Single by Chris Lane
- Released: June 28, 2019
- Genre: Country
- Length: 3:07
- Label: Big Loud
- Songwriters: Chris Lane; Ernest Keith Smith; Jacob Durrett;
- Producer: Joey Moi

Chris Lane singles chronology
| "I Don't Know About You" (2018) | "Big, Big Plans" (2019) | "Fill Them Boots" (2021) |

Music video
- "Big, Big Plans" (Wedding Video) on YouTube

= Big, Big Plans =

2019 song by Chris Lane

"Big, Big Plans" is a song recorded by American country music singer Chris Lane. It was released in June 2019. Lane co-wrote the song with Ernest Keith Smith and Jacob Durrett.

==Background==
Lane shared about the song’s creation, inspired by his wife Lauren Bushnell's relationship and proposal. He said: “You never know if a song personal to your life is going to react in that way, but I’m thankful it did,” and “Now I see people making it their own story, using the song for their big moment as well. That’s really special.”

==Music video==
There's two videos for the song. "Video for Lauren" was uploaded on June 19, 2019, including home video of the couple, and the proposal which took place in the backyard of Bushnell's family's Oregon home.

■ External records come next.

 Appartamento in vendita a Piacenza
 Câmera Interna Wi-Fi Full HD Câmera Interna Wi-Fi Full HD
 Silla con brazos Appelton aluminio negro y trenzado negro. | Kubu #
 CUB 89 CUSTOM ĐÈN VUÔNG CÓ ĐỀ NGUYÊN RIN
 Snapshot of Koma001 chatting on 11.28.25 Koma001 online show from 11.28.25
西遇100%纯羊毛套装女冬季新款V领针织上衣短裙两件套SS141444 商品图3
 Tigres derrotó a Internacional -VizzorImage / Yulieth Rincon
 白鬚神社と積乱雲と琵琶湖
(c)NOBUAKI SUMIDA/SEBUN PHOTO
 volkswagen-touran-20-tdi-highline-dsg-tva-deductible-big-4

"Wedding Video" was uploaded on November 13, 2019, directed by Justin Clough and filmed on-site Nashville’s 14TENN, which Lane and Lauren became husband and wife. The video was filmed on October 25, 2019, and showed clips from their wedding ceremony.

==Charts==

===Weekly charts===

| Chart (2019–2020) | Peak position |
|---|---|
| Australia Country Hot 50 (TMN) | 26 |
| Canada Hot 100 (Billboard) | 73 |
| Canada Country (Billboard) | 1 |
| US Billboard Hot 100 | 42 |
| US Country Airplay (Billboard) | 1 |
| US Hot Country Songs (Billboard) | 3 |

===Year-end charts===

| Chart (2020) | Position |
|---|---|
| US Country Airplay (Billboard) | 53 |
| US Hot Country Songs (Billboard) | 58 |

| Chart (2021) | Position |
|---|---|
| US Country Airplay (Billboard) | 51 |
| US Hot Country Songs (Billboard) | 73 |

==Certifications==

| Region | Certification | Certified units/sales |
| Canada (Music Canada) | Platinum | 80,000^{‡} |
| United States (RIAA) | 2× Platinum | 2,000,000^{‡} |
^{‡} Sales+streaming figures based on certification alone.